_Exercise_: Output exactly the lines from the one containing "Thermik Magazin –" through the final line of the entries below, both included, and skip the pictures.

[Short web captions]

═══

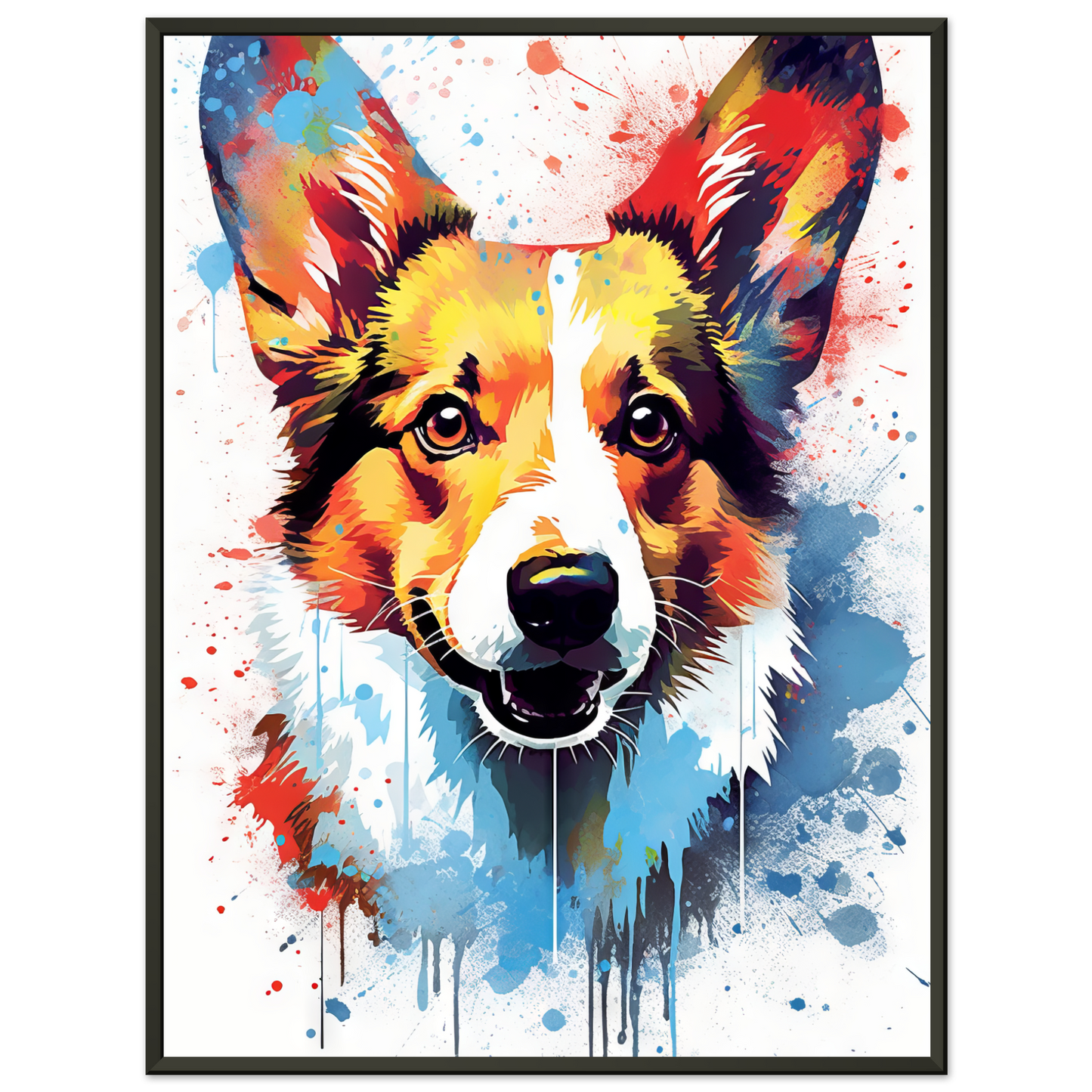 Hund Welsh Corgi Pembroke Pop-Art (DOG137)
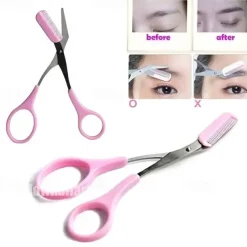 Eyebrow Trimmer Scissor With Comb Lady Woman Men Hair Removal Grooming Shaping Stainless Steel Eyebrow Remover Makeup Tool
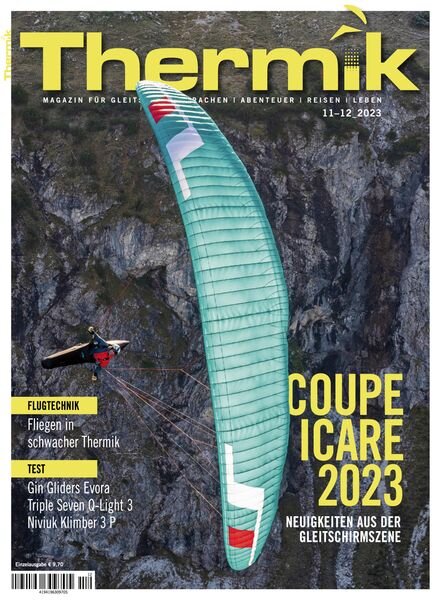 Thermik Magazin – November-Dezember 2023 Cover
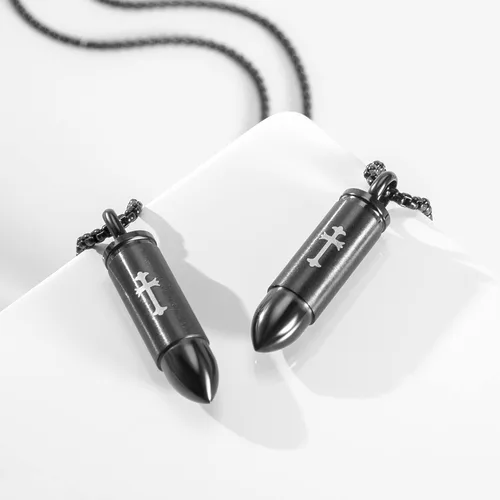 Miniatura 2 de 123 Pack Urn Necklace for Ashes for Women Men Cylinder Urn Locket Bullet Cremation Jewelry Fish Necklace for Ashes CZ Bar Cremation Jewlery for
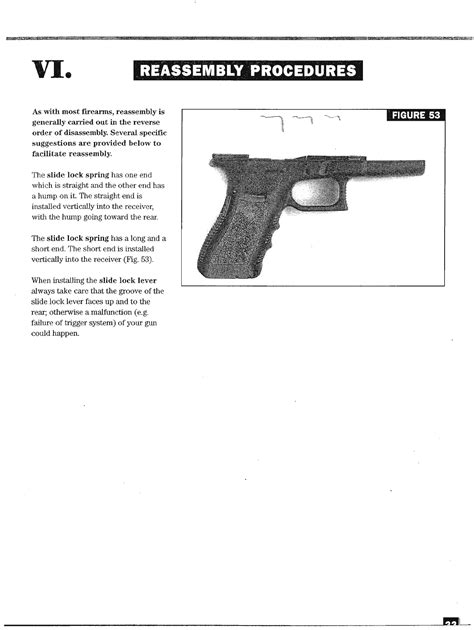 Glock Armorers Manual Armorers Update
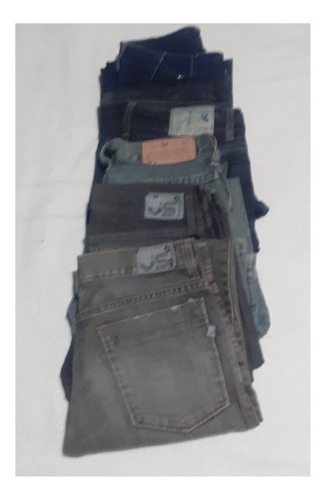 Imagen 3 de 8 de Lotes De Jean De Dama Líquido X Cierre 5 X 1500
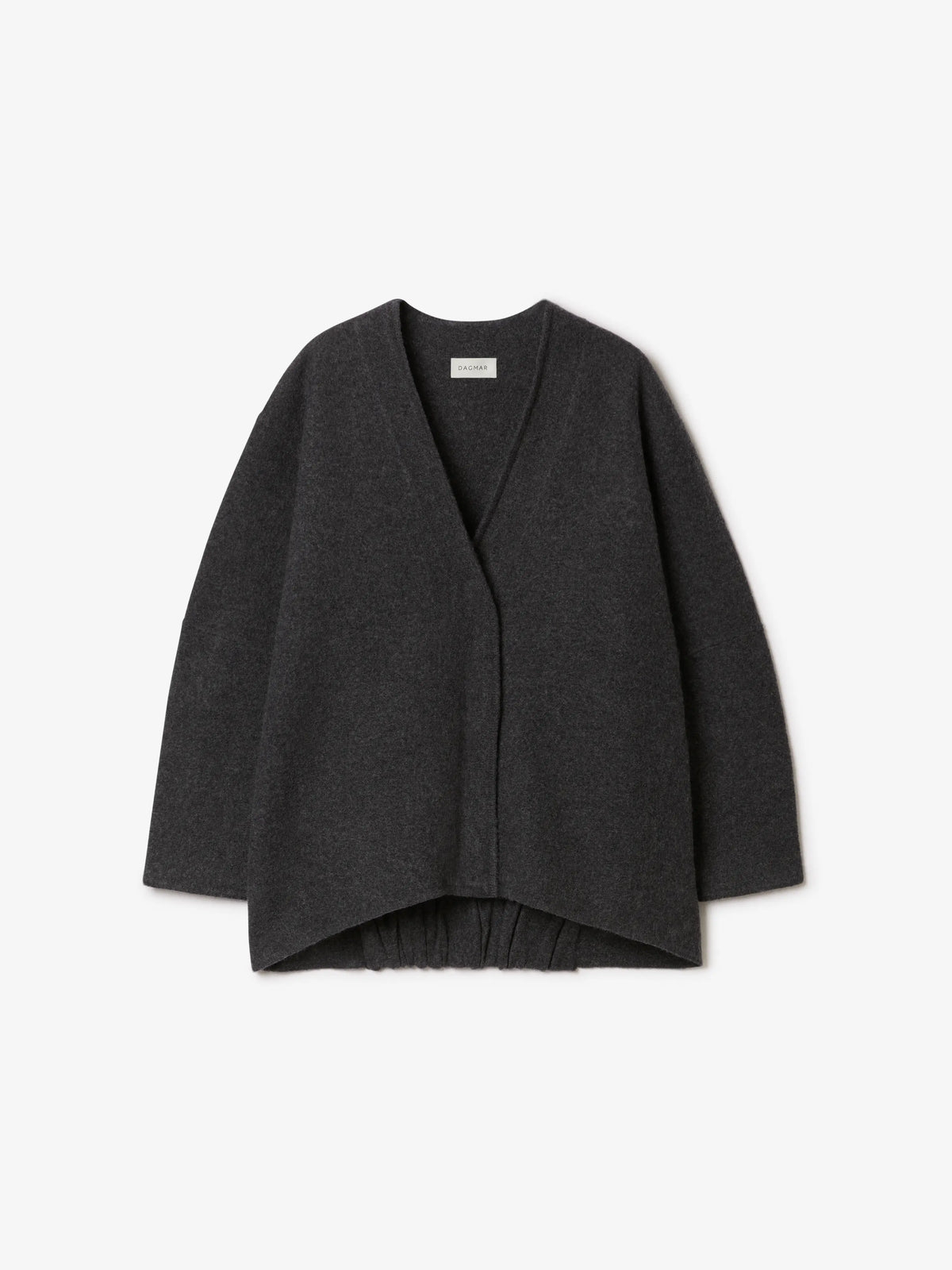 Long Wool Cardigan: Anthracite Grey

═══

_Result for this exercise_:
 Thermik Magazin – November-Dezember 2023 Cover
 Miniatura 2 de 123 Pack Urn Necklace for Ashes for Women Men Cylinder Urn Locket Bullet Cremation Jewelry Fish Necklace for Ashes CZ Bar Cremation Jewlery for
 Glock Armorers Manual Armorers Update
 Imagen 3 de 8 de Lotes De Jean De Dama Líquido X Cierre 5 X 1500
 Long Wool Cardigan: Anthracite Grey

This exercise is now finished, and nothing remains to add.